To find the maximum area, we need to maximize A. So, we need to express A in terms of a single variable. We can use Equation (1) to solve for x in terms of y and substitute it into the area equation.
From Equation (1), we can simplify it as:
2x = 440 - 3y
x = (440 - 3y) / 2 Equation (2)
Substituting Equation (2) into the area equation:
A = [(440 - 3y) / 2] * y
A = (440y - 3y^2) / 2
A = 220y - (3y^2 / 2) Equation (3)
Now we have the area equation in terms of y. To find the maximum area, we can take the derivative of Equation (3) with respect to y and set it to zero:
dA/dy = 220 - (3y/2) = 0
220 = (3y/2)
y = (220*2) / 3
y = 440/3 Equation (4)
Now we can substitute this value of y back into Equation (2) to find x:
x = (440 - 3*(440/3)) / 2
x = (440 - 440) / 2
x = 0 Equation (5)
From Equation (4), we have the longer side y = 440/3 and from Equation (5), we have the shorter side x = 0.

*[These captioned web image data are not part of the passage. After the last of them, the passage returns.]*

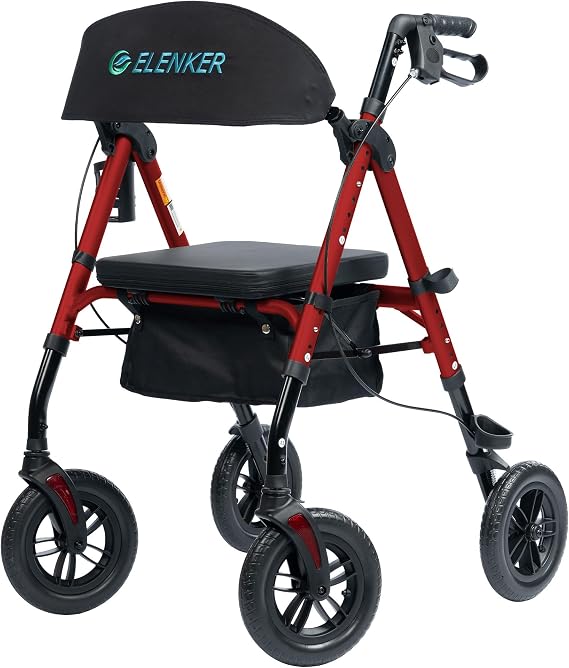 ELENKER Rollator Walker for Seniors, 10 in Non-Pneumatic Wheels, Red | Padded Seat, Extra Wide Backrest, Adjustable Seat & Handle Height, Storage Box, Cane Holder & Cup Holder
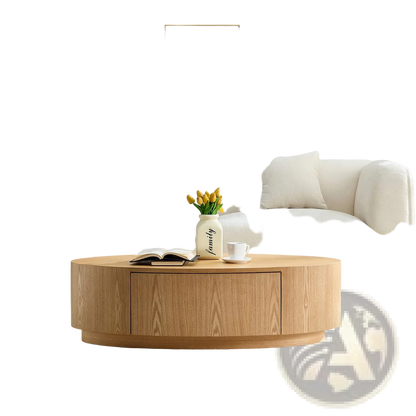 Modern Luxury Oval Coffee Table with Storage Drawer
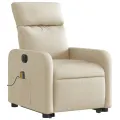 Fauteuil inclinable de massage électrique Crème Tissu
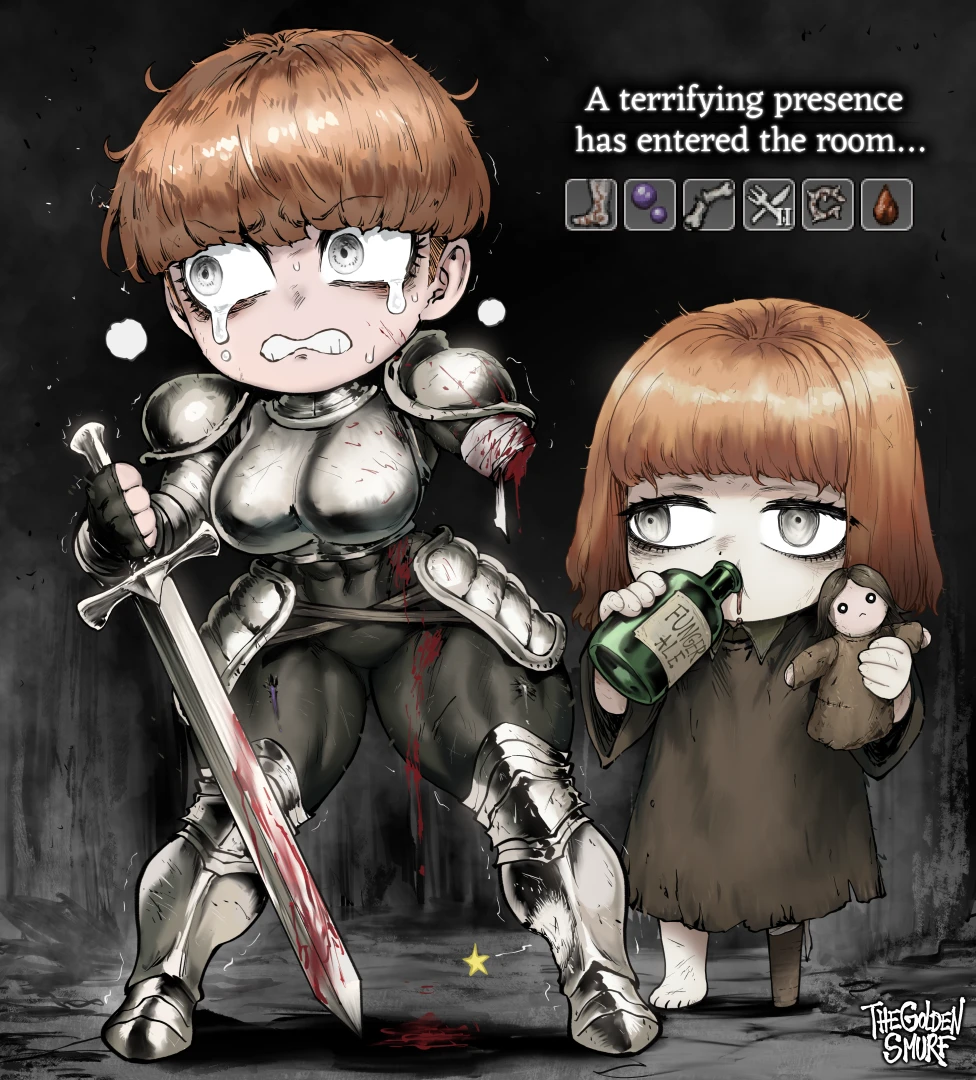thegoldensmurf - D’arce & the girl (Fear & Hunger) - HQ png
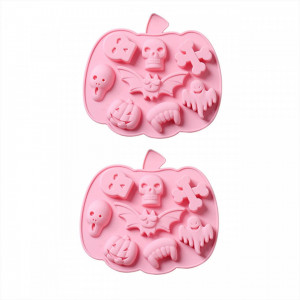Set de 2 forme pentru bomboane de Halloween PAOLA BOLSSOM, silicon, roz, 20 x 25 cm - Img 3
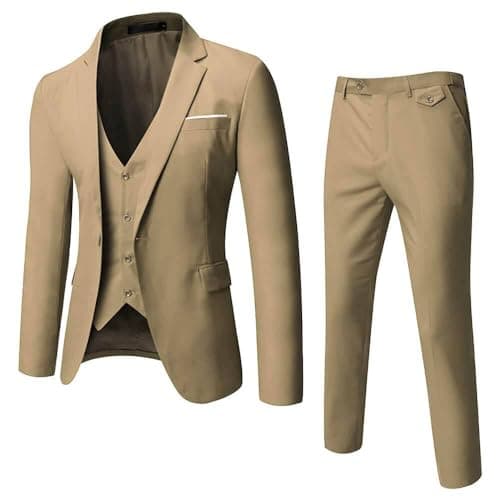 WULFUL Men’s Slim Fit 3-Piece Suit: Blazer, Vest & Pants for Business and Weddings
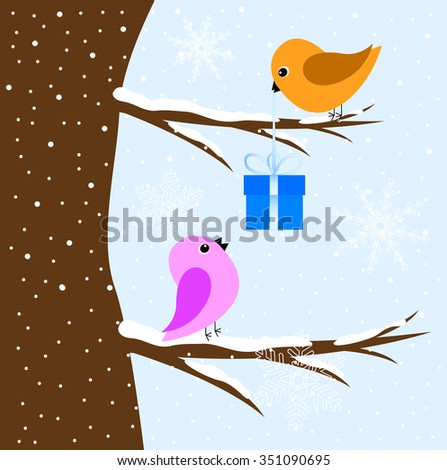 Two birds sitting on a tree, vector illustration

Therefore, the longer side of the playground is 440/3 feet, the shorter side is 0 feet, and the maximum area is A = 0.
Note: Since the value of x is 0, it means that the dividing fence should be on the longer side of the playground. Thus, the playground cannot be divided equally by the fence.
To find the longer side of the playground, we need to set up an equation using the given information.
Let's assume the shorter side of the rectangle is x feet.
Since the fence is parallel to one side of the playground, there will be two equal lengths of x that will be fenced off.
The perimeter of the rectangular playground is given as 440 feet. The equation for the perimeter is as follows:
2x + 2y = 440, where y is the longer side of the playground.
Rearranging the equation, we have:
2y = 440 - 2x
y = (440 - 2x)/2
y = 220 - x
Now, we can substitute the value of y into the area formula of a rectangle to calculate the total enclosed area.
Area = Length x Width
Area = x * y
Area = x * (220 - x)
To find the value of x that maximizes the area, we need to find the vertex of the quadratic equation x * (220 - x). Since the coefficient of x^2 is negative, the vertex will give us the maximum value of the area.
To find the x-coordinate of the vertex, we use the formula:
x = -b / 2a
In our case, a = -1 and b = 220.
x = -220 / (2 * -1)
x = 110
So, the shorter side of the playground is x = 110 feet.
Now, we can find the longer side using the equation for y:
y = 220 - x
y = 220 - 110
y = 110
Therefore, the longer side of the playground is 110 feet.
To find the maximum area, substitute the values of x and y into the area formula:
Area = x * y
Area = 110 * 110
Area = 12100 sq ft.
Hence, the maximum enclosed area is 12100 square feet.
To summarize:
- The shorter side of the playground is 110 feet.
- The longer side of the playground is also 110 feet.
- The maximum enclosed area is 12100 square feet.